Please output exactly the lines from the one containing "abandonado gato dentro a rua foto" through the end of the records below, leaving out any pictures.

BEGIN Data section

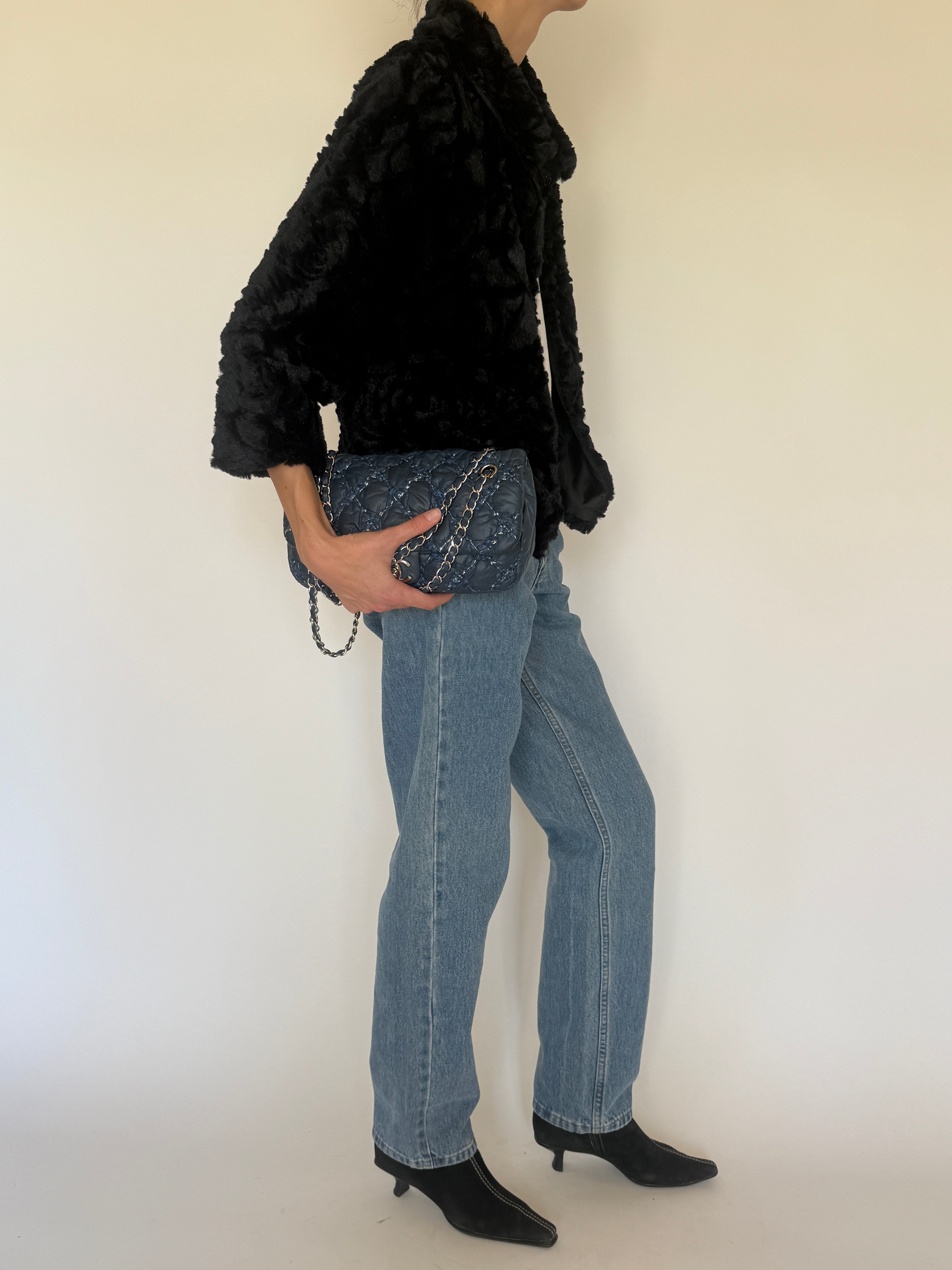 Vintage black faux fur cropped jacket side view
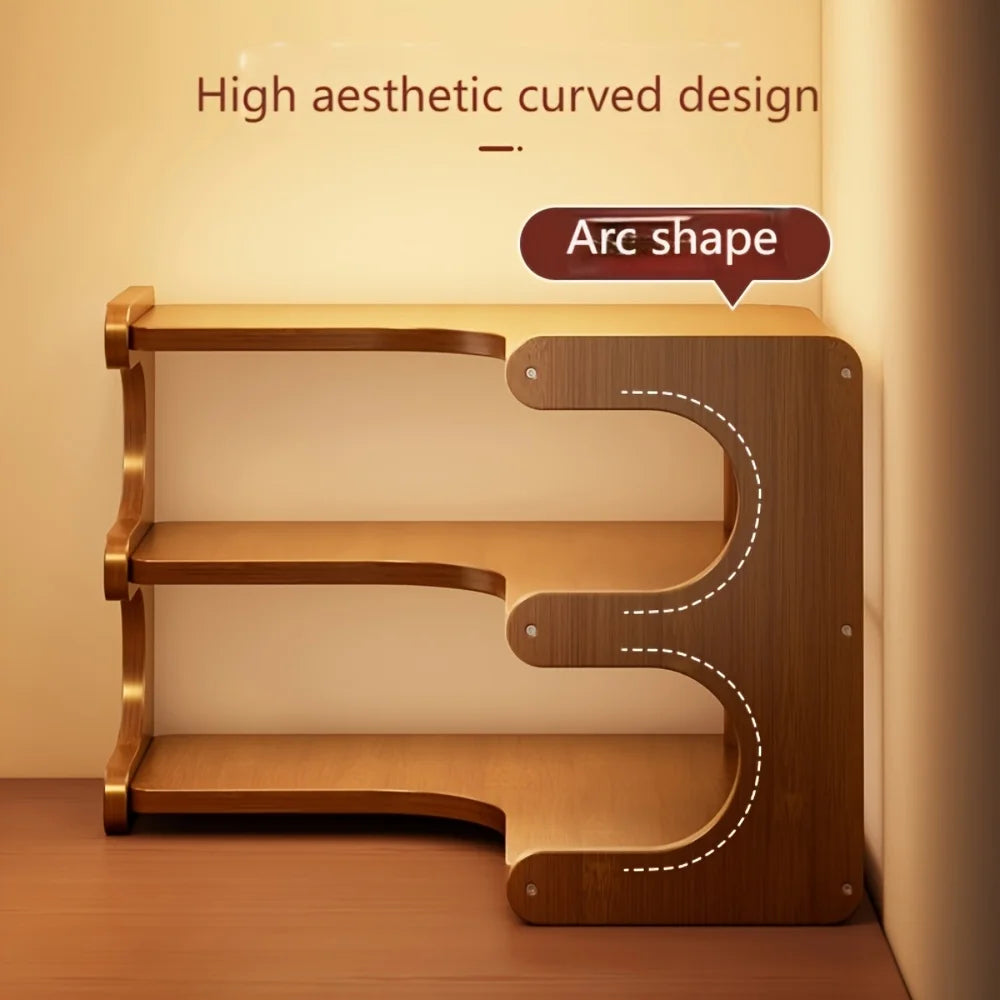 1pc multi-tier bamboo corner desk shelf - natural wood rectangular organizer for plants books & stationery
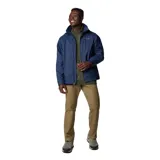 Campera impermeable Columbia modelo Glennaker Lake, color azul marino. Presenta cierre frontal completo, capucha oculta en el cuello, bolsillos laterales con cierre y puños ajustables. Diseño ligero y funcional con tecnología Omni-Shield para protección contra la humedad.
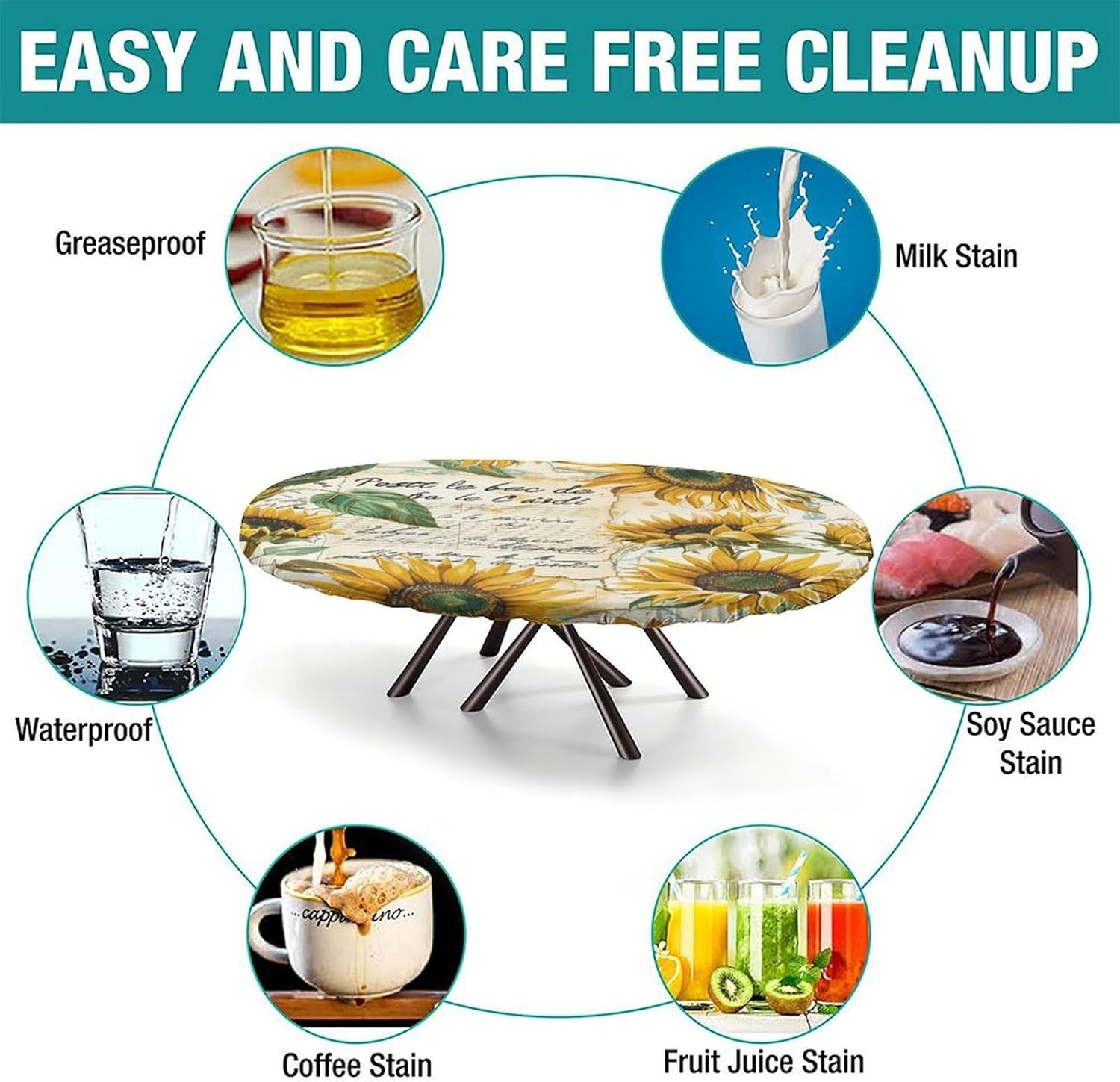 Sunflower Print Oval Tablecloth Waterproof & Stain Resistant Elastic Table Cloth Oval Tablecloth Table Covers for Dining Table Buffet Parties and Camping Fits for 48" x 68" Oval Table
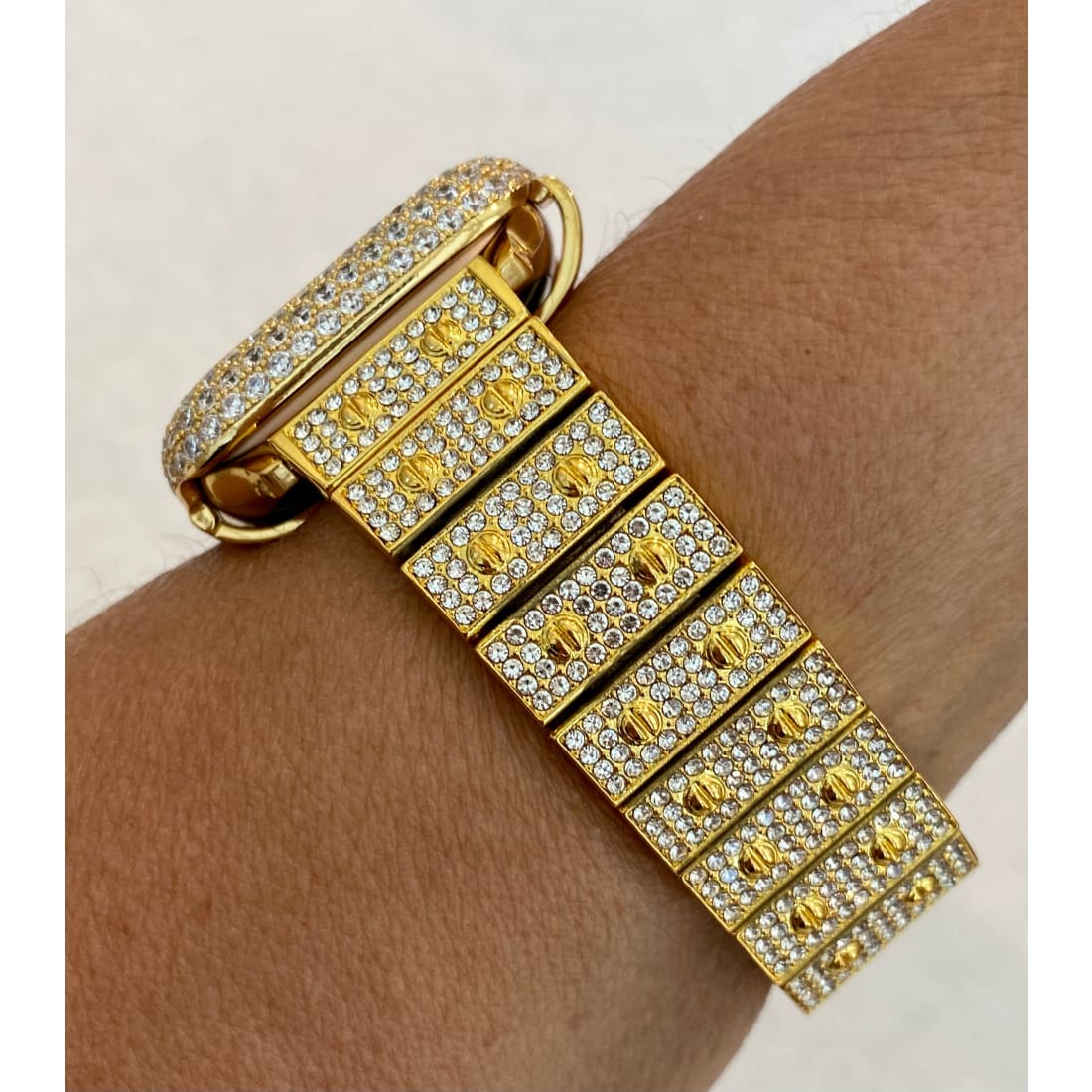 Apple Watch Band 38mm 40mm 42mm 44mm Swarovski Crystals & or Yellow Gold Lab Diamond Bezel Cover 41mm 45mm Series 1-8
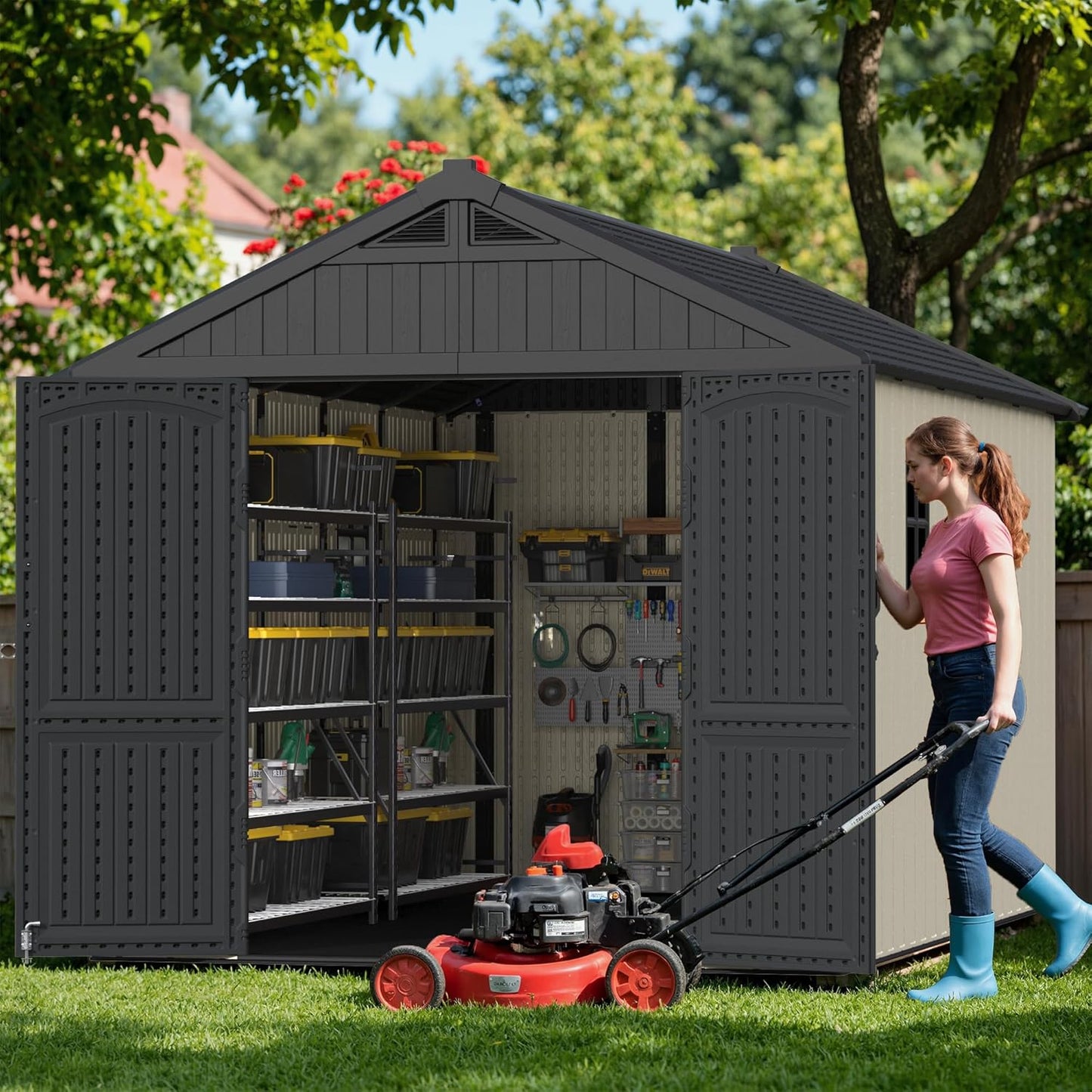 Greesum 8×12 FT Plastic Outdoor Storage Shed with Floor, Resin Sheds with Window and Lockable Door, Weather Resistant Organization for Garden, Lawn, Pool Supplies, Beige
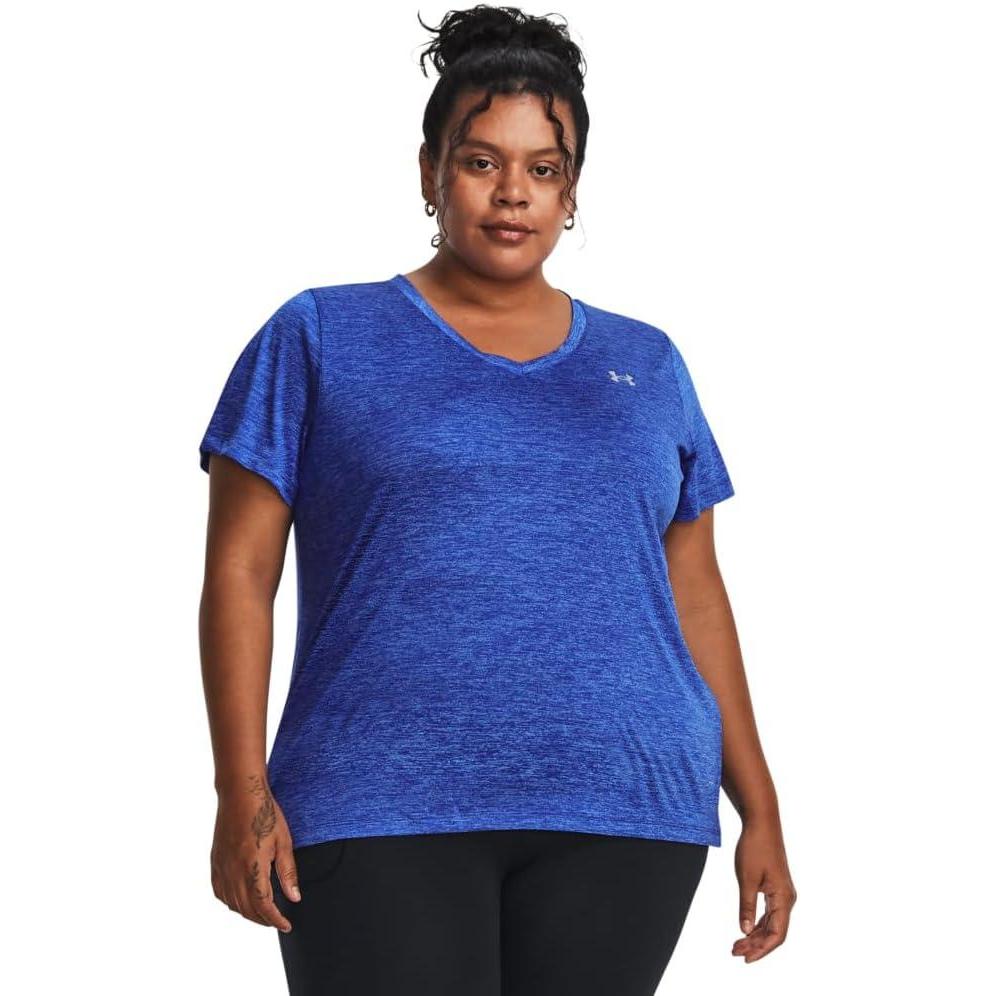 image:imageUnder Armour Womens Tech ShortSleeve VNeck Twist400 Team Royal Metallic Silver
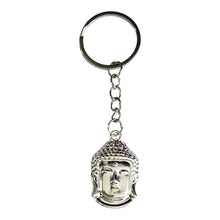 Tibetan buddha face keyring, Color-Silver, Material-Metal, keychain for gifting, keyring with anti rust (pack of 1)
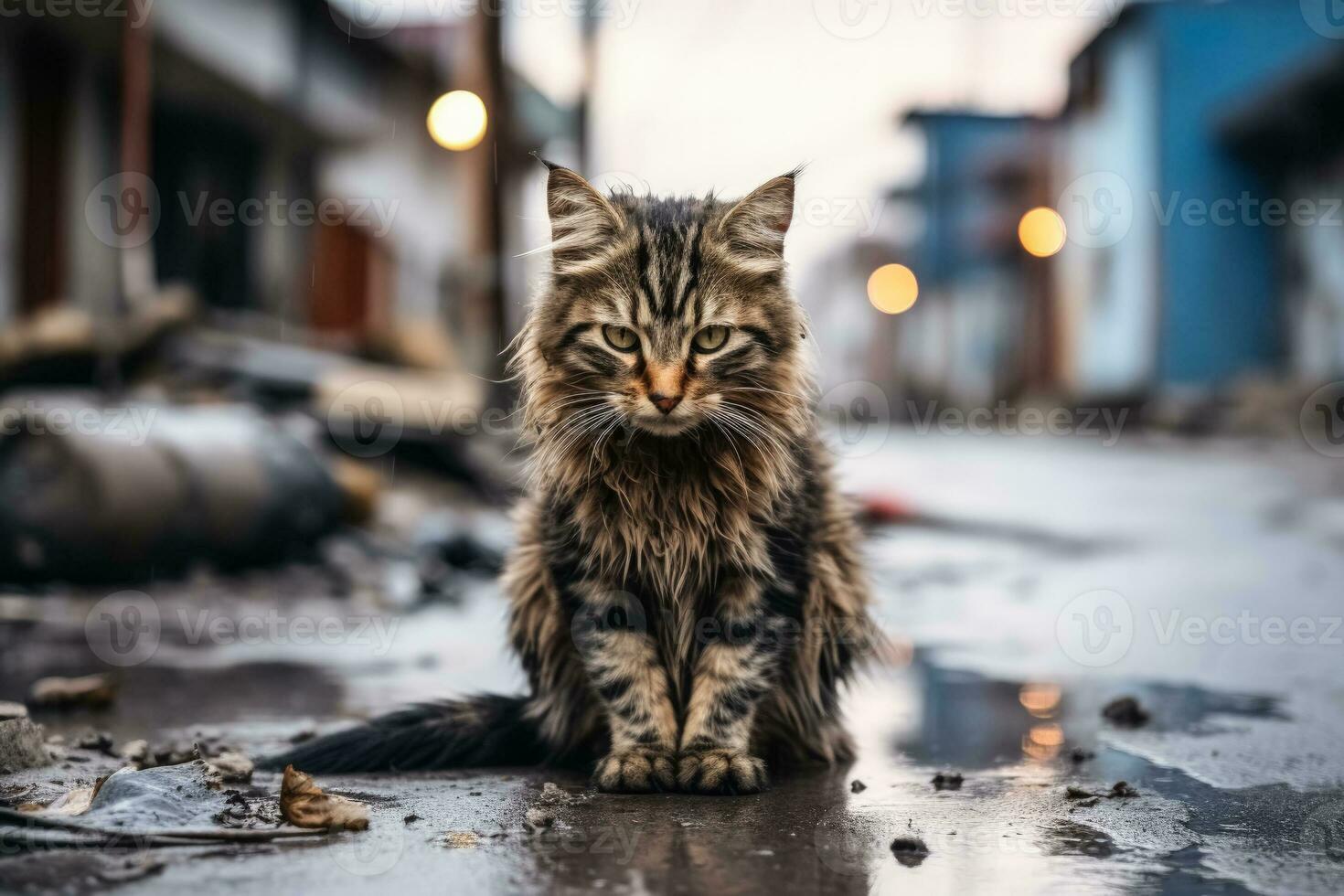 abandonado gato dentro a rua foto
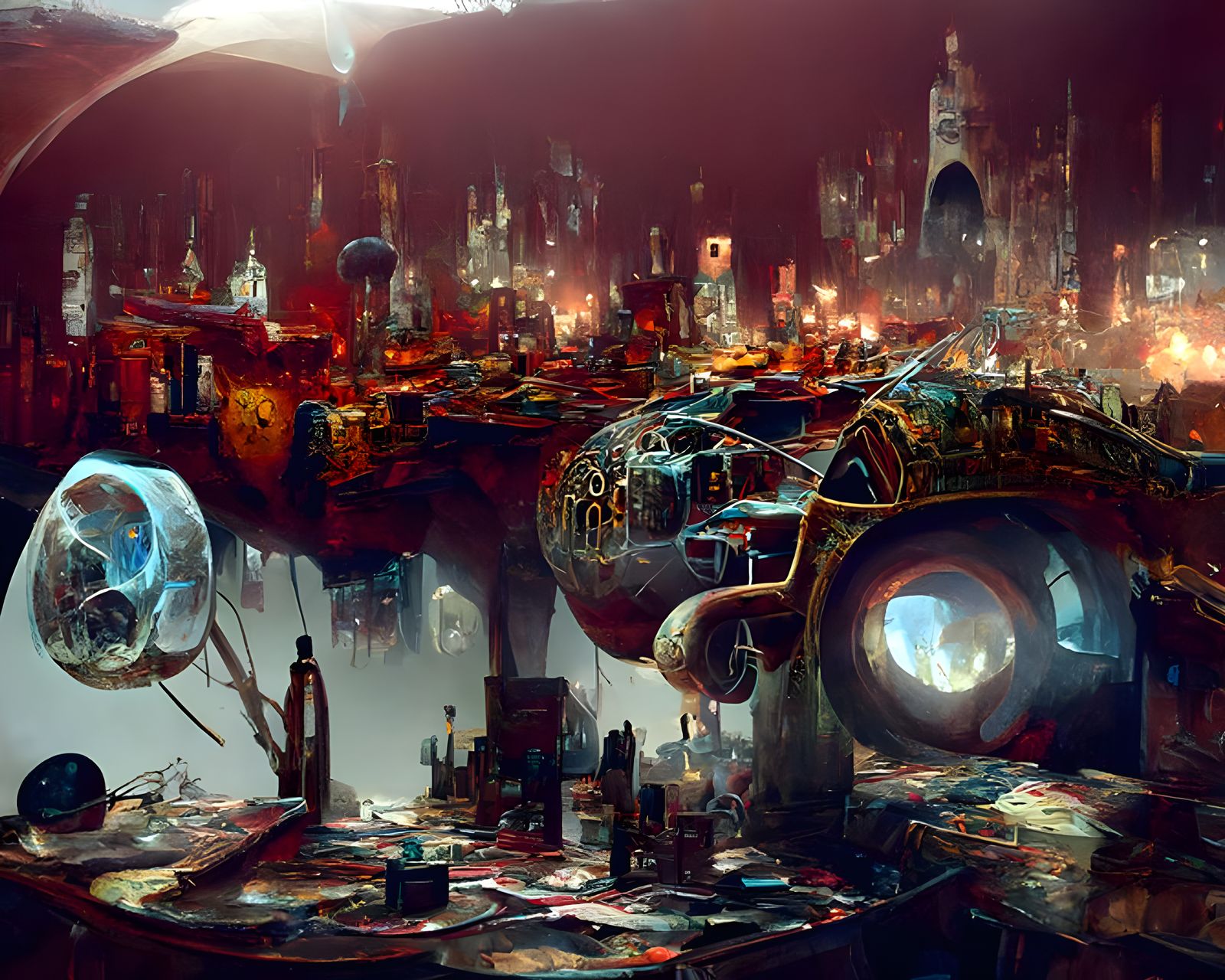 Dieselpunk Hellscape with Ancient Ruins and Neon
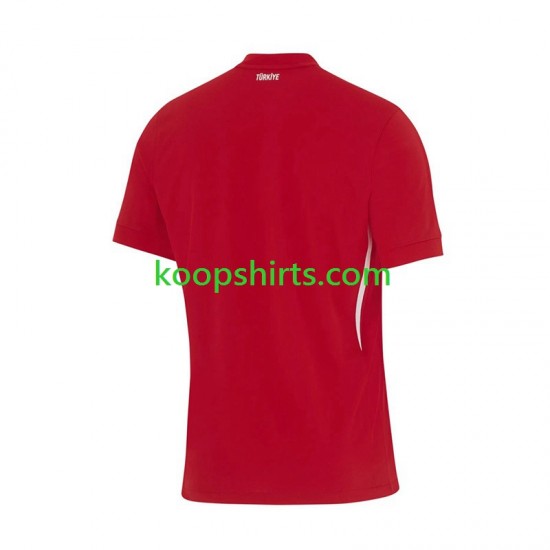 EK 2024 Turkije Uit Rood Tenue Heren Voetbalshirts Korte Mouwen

END Data section

> **Written response**
 abandonado gato dentro a rua foto
 Dieselpunk Hellscape with Ancient Ruins and Neon
 EK 2024 Turkije Uit Rood Tenue Heren Voetbalshirts Korte Mouwen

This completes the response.